* Exercise requirements: Set out exactly every line of the entries below, starting at the line that holds "Famous Tv Show Floor Plans House Nerd" and stopping after the line that holds "Mug — Graphic".

Entries taken from a collection

Segment Open

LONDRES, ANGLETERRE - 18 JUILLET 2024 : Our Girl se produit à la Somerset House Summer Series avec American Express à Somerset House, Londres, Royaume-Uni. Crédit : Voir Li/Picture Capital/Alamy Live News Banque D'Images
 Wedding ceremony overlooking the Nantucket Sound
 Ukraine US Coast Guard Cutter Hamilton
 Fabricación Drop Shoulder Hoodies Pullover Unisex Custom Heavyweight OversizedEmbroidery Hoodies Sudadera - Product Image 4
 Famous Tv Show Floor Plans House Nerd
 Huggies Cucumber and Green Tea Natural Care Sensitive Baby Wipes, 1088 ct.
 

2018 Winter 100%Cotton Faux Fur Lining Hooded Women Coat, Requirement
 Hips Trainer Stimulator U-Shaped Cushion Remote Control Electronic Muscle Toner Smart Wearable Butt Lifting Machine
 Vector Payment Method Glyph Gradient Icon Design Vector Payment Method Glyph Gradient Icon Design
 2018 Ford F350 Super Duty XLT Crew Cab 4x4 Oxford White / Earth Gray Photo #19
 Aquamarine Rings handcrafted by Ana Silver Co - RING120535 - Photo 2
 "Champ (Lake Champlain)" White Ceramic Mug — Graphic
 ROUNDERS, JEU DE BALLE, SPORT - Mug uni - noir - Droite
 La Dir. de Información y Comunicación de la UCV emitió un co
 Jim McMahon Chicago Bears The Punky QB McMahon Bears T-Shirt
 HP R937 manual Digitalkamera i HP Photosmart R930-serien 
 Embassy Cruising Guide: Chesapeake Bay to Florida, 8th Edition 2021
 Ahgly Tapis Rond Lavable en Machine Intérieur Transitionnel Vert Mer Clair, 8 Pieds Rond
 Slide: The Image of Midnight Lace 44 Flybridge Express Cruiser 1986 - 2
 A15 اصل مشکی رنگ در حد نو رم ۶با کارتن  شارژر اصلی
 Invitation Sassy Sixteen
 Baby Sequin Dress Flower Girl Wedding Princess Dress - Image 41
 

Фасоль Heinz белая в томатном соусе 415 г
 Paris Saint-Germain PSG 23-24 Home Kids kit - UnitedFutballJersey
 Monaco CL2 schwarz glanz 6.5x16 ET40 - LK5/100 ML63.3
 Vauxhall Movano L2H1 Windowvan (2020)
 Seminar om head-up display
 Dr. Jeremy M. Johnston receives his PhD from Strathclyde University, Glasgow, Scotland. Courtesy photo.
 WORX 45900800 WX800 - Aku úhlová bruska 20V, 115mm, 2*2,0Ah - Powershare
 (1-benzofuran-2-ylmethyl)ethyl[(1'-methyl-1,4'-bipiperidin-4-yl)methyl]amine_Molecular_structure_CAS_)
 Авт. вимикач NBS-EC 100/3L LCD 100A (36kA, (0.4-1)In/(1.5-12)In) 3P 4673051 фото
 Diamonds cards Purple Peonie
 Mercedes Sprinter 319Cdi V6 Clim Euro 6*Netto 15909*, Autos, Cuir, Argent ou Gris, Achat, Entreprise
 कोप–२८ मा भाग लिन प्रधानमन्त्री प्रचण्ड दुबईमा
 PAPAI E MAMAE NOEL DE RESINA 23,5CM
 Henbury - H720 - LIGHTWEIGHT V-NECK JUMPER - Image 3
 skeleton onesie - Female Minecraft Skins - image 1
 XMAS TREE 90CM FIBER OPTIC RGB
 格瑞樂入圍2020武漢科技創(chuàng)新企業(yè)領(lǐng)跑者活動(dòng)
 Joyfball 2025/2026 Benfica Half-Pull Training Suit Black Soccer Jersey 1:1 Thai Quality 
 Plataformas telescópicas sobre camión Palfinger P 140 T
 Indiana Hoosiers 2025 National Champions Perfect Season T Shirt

Segment Closed

* Solution for this task:
 Famous Tv Show Floor Plans House Nerd
 Huggies Cucumber and Green Tea Natural Care Sensitive Baby Wipes, 1088 ct.
 

2018 Winter 100%Cotton Faux Fur Lining Hooded Women Coat, Requirement
 Hips Trainer Stimulator U-Shaped Cushion Remote Control Electronic Muscle Toner Smart Wearable Butt Lifting Machine
 Vector Payment Method Glyph Gradient Icon Design Vector Payment Method Glyph Gradient Icon Design
 2018 Ford F350 Super Duty XLT Crew Cab 4x4 Oxford White / Earth Gray Photo #19
 Aquamarine Rings handcrafted by Ana Silver Co - RING120535 - Photo 2
 "Champ (Lake Champlain)" White Ceramic Mug — Graphic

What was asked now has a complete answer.